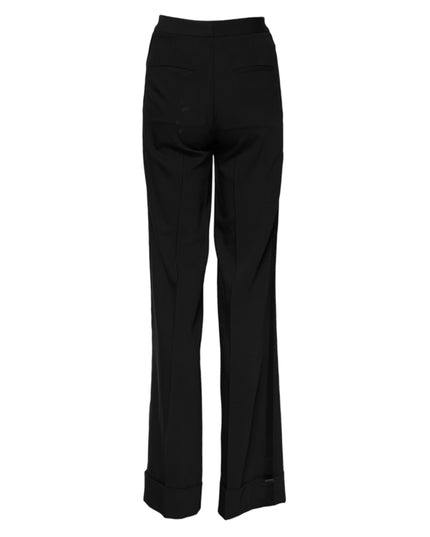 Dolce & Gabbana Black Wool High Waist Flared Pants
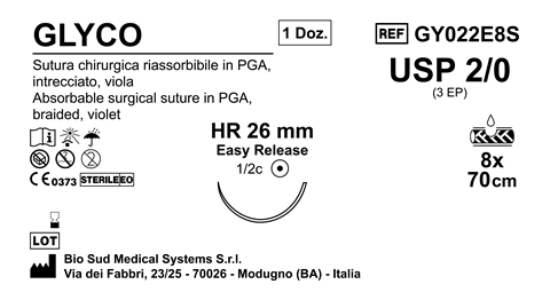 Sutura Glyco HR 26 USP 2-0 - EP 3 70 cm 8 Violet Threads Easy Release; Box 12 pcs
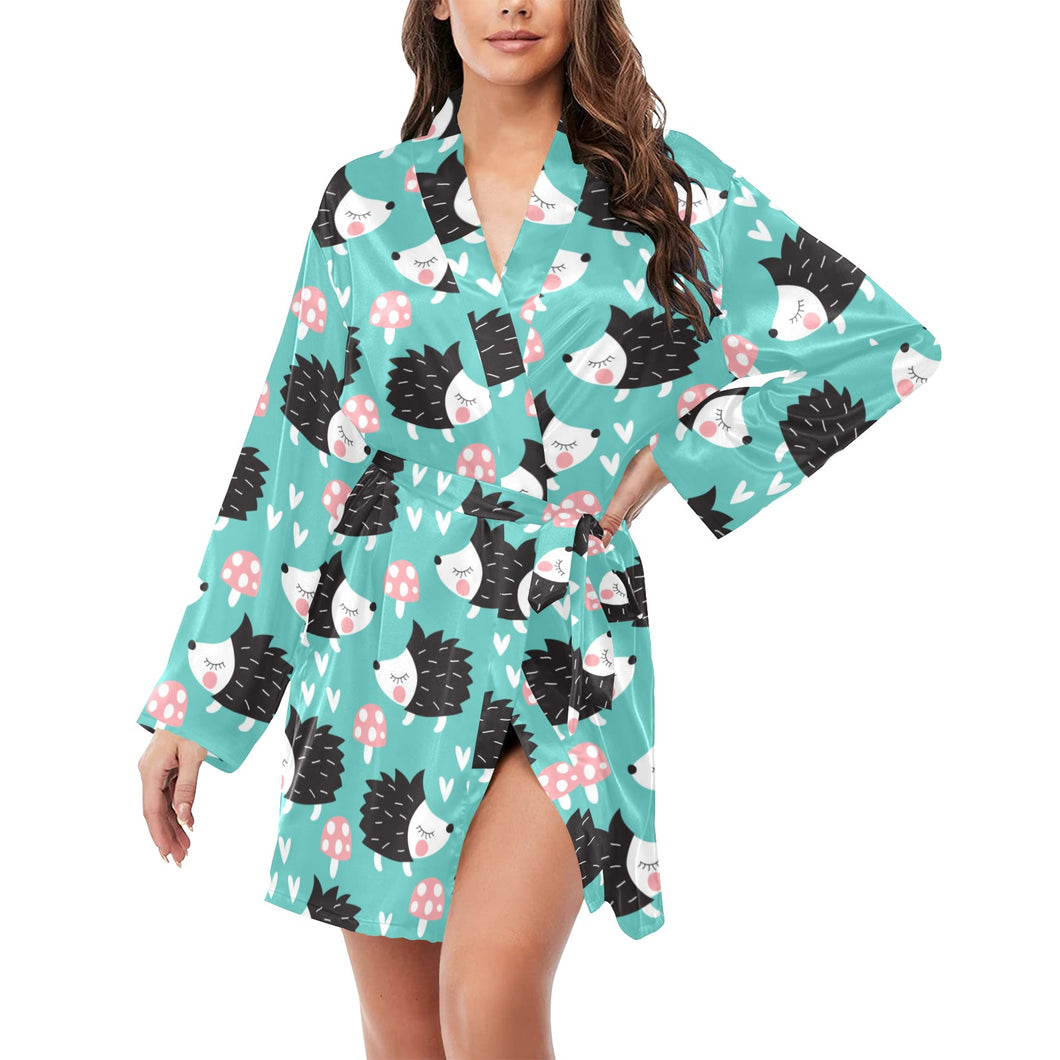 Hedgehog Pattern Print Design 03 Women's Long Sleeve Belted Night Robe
◇ ◇ ◇
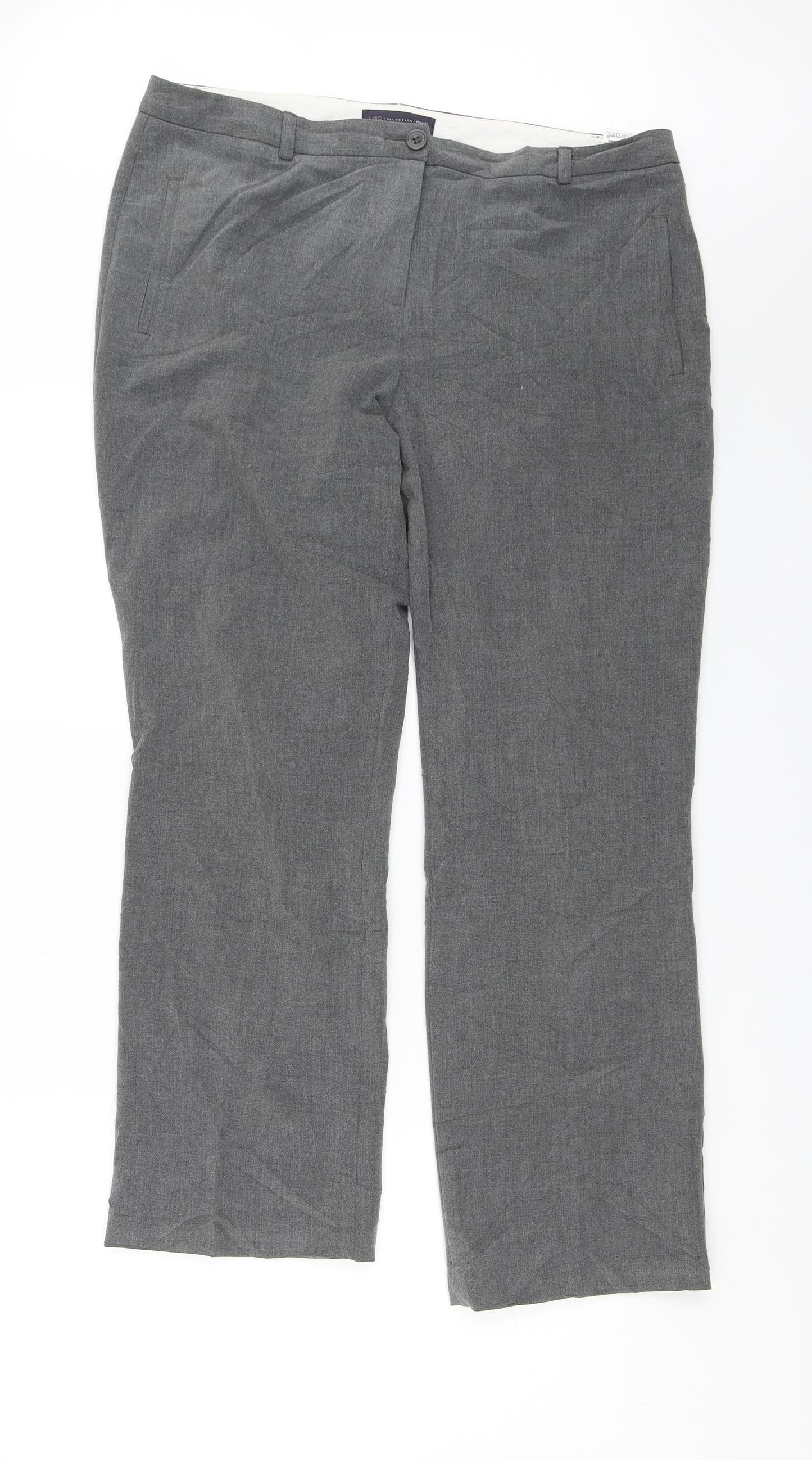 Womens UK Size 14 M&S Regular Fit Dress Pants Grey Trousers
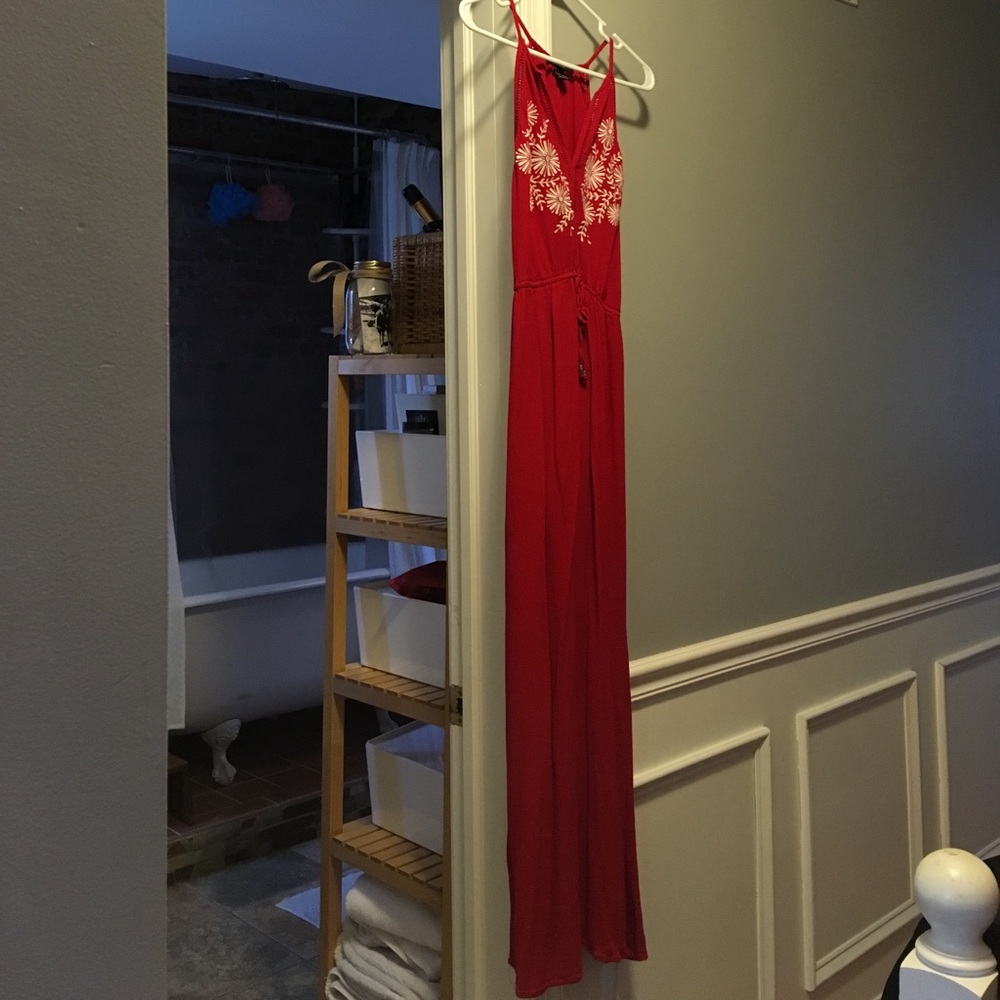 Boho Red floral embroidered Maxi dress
◇ ◇ ◇
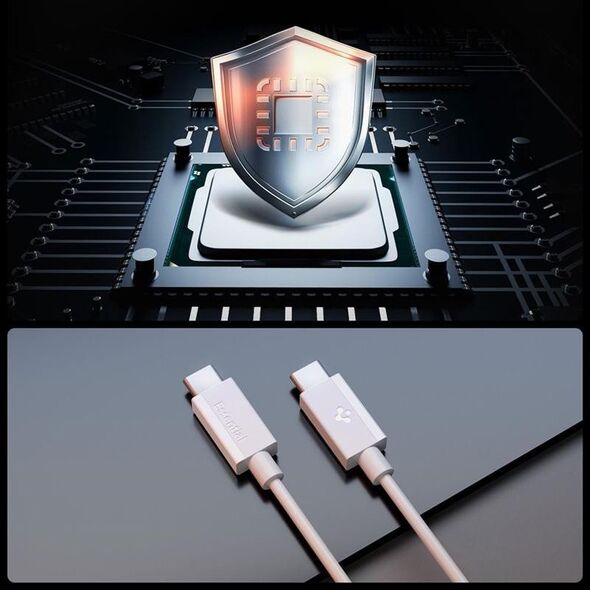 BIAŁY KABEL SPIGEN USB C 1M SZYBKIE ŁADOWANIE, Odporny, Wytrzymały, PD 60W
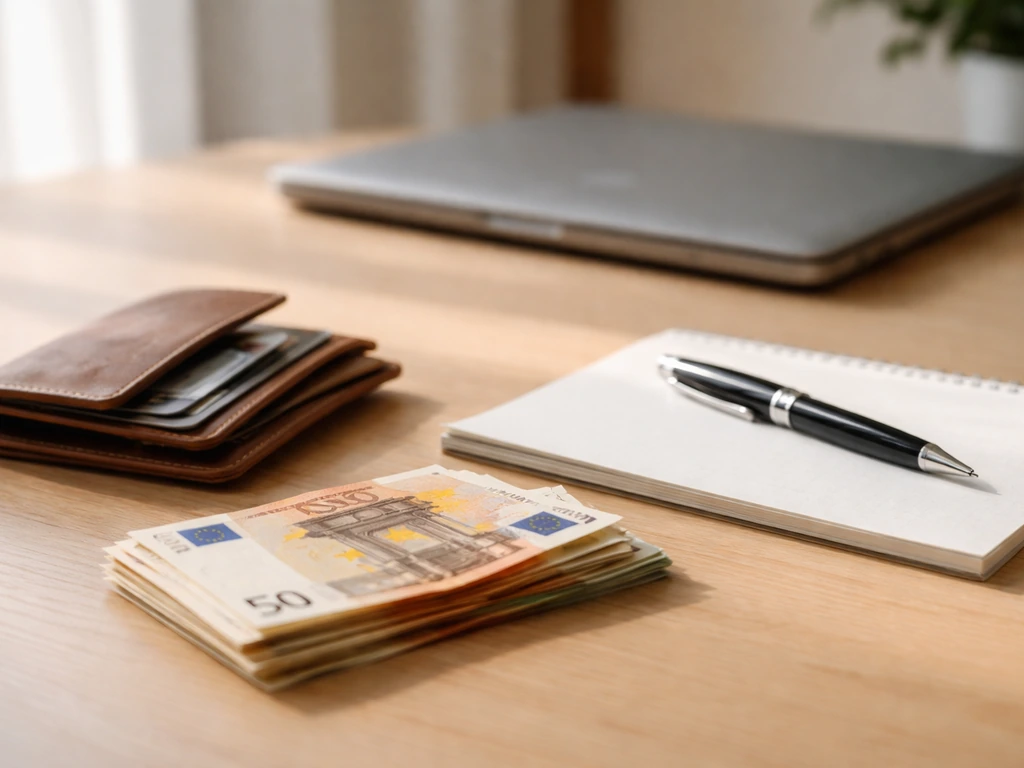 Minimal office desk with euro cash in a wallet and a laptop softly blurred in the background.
◇ ◇ ◇
Aim of the task: Exactly as written above, retype the lines starting at the one holding "BIAŁY KABEL SPIGEN" and ending at the one holding "Minimal office desk", both included, but not the pictures.

Task output:
 BIAŁY KABEL SPIGEN USB C 1M SZYBKIE ŁADOWANIE, Odporny, Wytrzymały, PD 60W
 Minimal office desk with euro cash in a wallet and a laptop softly blurred in the background.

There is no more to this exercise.